Jonze is one of Hollywood’s most original voices. He cut his teeth making music videos for acts like the Beastie Boys and then moved into features, directing the critically acclaimed Being John Malkovich and Where the Wild Things Are. His most recent effort, Her, starring Joaquin Phoenix and Scarlett Johansson, was nominated for best picture at last year’s Academy Awards, while Jonze picked up the Oscar for best original screenplay.
Jonze, 45, does not have the jaded outlook of someone who has spent the past 15 years in Hollywood. Wide-eyed, curious and lacking cynicism, he has a sharp sense of humour. He is not in Cuba to make a movie. He is interviewing Lores for Vice, a brand which started out in 1994 as a music and fashion magazine and has evolved into a sprawling, youth-focused media empire spanning TV, digital channels and publishing. He is in Havana with his friend Shane Smith, Vice’s co-founder and chief executive, and a crew to film a segment for the company’s news magazine programme, which airs on HBO in the US. Vice also has a four-year deal to produce a daily, half-hour news programme for HBO and operates Vice News, an online digital channel, plus a network of other online channels (or “verticals”) specialising in subjects such as music, technology and sport.

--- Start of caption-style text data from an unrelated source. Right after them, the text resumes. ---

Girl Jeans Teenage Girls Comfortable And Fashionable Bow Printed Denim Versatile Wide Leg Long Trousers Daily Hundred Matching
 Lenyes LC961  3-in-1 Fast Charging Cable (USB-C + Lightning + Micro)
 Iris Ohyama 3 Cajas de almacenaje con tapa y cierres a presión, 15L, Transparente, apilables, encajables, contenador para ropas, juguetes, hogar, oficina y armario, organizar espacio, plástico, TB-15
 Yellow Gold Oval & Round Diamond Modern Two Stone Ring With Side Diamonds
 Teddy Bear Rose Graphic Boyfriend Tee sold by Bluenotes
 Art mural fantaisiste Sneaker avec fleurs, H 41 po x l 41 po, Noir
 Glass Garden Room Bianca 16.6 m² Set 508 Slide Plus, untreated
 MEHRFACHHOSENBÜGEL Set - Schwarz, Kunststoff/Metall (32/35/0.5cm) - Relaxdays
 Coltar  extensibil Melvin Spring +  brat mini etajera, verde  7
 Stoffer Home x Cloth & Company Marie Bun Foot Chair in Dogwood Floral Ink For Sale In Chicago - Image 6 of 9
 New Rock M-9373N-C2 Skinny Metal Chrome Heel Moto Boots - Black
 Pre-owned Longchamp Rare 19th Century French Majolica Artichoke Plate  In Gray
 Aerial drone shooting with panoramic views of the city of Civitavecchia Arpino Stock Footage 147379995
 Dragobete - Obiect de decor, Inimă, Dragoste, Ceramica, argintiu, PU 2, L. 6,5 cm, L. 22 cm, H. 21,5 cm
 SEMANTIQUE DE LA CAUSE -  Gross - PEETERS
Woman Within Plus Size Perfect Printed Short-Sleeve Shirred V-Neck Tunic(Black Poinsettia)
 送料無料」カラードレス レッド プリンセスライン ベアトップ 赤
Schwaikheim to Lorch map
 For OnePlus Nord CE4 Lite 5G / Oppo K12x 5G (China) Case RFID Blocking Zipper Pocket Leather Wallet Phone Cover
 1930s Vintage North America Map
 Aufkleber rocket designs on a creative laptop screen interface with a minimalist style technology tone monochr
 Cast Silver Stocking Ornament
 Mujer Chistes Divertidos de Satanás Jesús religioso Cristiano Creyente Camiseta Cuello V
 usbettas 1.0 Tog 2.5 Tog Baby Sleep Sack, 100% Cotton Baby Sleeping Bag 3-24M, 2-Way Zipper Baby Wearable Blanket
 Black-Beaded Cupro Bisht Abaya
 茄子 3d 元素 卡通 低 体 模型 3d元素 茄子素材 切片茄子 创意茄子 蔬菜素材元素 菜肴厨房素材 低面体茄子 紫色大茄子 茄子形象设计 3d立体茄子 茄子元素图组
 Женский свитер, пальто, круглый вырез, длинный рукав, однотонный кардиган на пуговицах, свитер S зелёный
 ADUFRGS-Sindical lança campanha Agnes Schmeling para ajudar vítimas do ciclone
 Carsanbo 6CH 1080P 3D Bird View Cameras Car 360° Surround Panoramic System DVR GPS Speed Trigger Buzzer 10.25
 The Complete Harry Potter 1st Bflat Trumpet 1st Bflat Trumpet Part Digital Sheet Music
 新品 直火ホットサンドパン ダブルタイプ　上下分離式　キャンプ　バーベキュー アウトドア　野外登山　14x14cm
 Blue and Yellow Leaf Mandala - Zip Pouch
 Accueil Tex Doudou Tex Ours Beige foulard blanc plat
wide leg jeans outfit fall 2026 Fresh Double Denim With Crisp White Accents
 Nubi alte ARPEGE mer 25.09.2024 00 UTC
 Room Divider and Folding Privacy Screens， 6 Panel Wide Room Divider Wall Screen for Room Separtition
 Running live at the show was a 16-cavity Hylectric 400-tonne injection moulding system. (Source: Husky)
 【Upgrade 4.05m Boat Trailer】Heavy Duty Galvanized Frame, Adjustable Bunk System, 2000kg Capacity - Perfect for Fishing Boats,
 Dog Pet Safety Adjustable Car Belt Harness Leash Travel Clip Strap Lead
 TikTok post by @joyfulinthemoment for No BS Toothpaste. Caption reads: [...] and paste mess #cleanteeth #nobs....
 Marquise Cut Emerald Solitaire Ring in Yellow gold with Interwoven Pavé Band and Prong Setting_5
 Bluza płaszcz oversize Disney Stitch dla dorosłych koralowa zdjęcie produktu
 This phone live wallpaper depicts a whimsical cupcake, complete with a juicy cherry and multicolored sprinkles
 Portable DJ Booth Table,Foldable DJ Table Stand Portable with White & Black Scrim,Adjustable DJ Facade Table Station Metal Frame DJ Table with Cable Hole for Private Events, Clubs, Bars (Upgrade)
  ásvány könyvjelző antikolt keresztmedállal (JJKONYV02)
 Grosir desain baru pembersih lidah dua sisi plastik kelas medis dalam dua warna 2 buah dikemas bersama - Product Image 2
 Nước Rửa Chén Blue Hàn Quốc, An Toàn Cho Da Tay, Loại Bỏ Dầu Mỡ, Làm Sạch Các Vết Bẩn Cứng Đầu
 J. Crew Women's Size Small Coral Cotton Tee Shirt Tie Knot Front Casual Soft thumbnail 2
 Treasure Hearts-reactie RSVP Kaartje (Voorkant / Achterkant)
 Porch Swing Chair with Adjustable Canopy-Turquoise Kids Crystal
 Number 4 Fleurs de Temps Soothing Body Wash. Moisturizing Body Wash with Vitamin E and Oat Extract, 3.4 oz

Vice’s ability to connect with young audiences has won it many admirers among more traditional media companies, which are finding young, “millennial” viewers and consumers increasingly elusive. Rupert Murdoch was an early fan: in 2012, after meeting Smith for drinks at Vice’s headquarters in Williamsburg, Brooklyn, he took to Twitter to declare the company a “wild, interesting effort to interest millennials who don’t read or watch established media”.
The Cuba segment seems ideally suited for Vice’s HBO show, which focuses on edgy, colourful stories from world hotspots. Its reports have ranged from an investigation into the radiation caused by nuclear testing in Kazakhstan to a piece on Afghanistan’s child suicide bombers. Vice has been increasing its news coverage, winning plaudits along the way: the HBO series won an Emmy last year and it recently won two Peabody awards for video reporting on its online Vice News channel. In one of the winning pieces, a Vice reporter was embedded with Isis fighters in Syria, capturing the group’s terror-driven zeal up close for the first time.
The catalyst for Vice’s interest in Cuba came at the end of last year, when Barack Obama announced that the US would begin normalising relations, ending more than half a century of hostility to its island neighbour. I first heard about Vice’s plans for a Cuba report in February, when I saw Smith at a party. He had been to the country to scout locations, he told me, and would be returning to film. Keen to see Vice’s journalism and chief executive in action, I suggested that I tag along.
And so, two months later, I take an early-morning flight from New York to Miami with Jonze and Alex Detrick, Vice’s communications chief. In Miami we board a commercial charter flight and, 45 minutes later, touch down in Cuba.
Vice’s HBO show and digital channels need a steady flow of ideas and footage that can be edited into long-form television programming or shorter pieces that work better online. The Havana trip is to gather material for the HBO programme and Alex Chitty, the show’s perennially stressed producer, and his team have arranged several different shoots to capture how the thaw in relations with the US is playing out in Havana’s culture, politics and society.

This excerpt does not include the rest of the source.